#### EXCERPTED RECORDS:

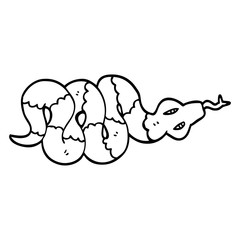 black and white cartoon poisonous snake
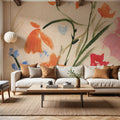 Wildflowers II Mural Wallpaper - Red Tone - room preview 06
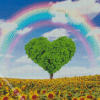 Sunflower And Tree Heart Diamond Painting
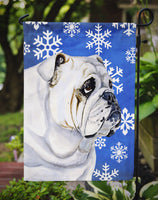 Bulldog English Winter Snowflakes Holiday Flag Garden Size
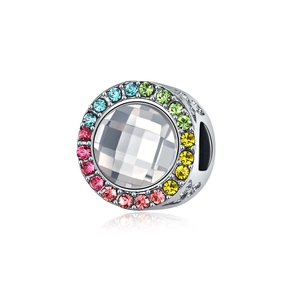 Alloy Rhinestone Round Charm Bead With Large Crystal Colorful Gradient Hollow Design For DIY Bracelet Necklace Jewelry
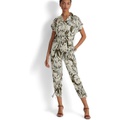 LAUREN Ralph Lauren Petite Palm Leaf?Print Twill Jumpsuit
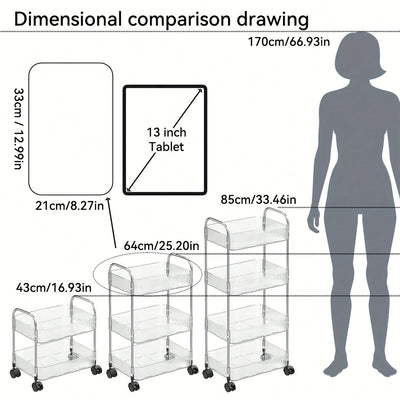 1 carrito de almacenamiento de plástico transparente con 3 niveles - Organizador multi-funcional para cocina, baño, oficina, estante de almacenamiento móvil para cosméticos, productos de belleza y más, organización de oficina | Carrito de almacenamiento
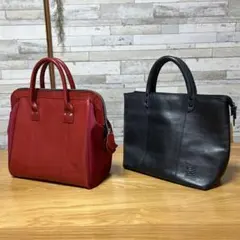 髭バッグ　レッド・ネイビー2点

#### TASK BRIEF:
Your answer should contain all the material above, written out exactly, and none of the pictures.

#### TASK SOLUTION:
 black and white cartoon poisonous snake
 Wildflowers II Mural Wallpaper - Red Tone - room preview 06
 Sunflower And Tree Heart Diamond Painting
 Bulldog English Winter Snowflakes Holiday Flag Garden Size
 Alloy Rhinestone Round Charm Bead With Large Crystal Colorful Gradient Hollow Design For DIY Bracelet Necklace Jewelry
 LAUREN Ralph Lauren Petite Palm Leaf?Print Twill Jumpsuit
 1 carrito de almacenamiento de plástico transparente con 3 niveles - Organizador multi-funcional para cocina, baño, oficina, estante de almacenamiento móvil para cosméticos, productos de belleza y más, organización de oficina | Carrito de almacenamiento
 髭バッグ　レッド・ネイビー2点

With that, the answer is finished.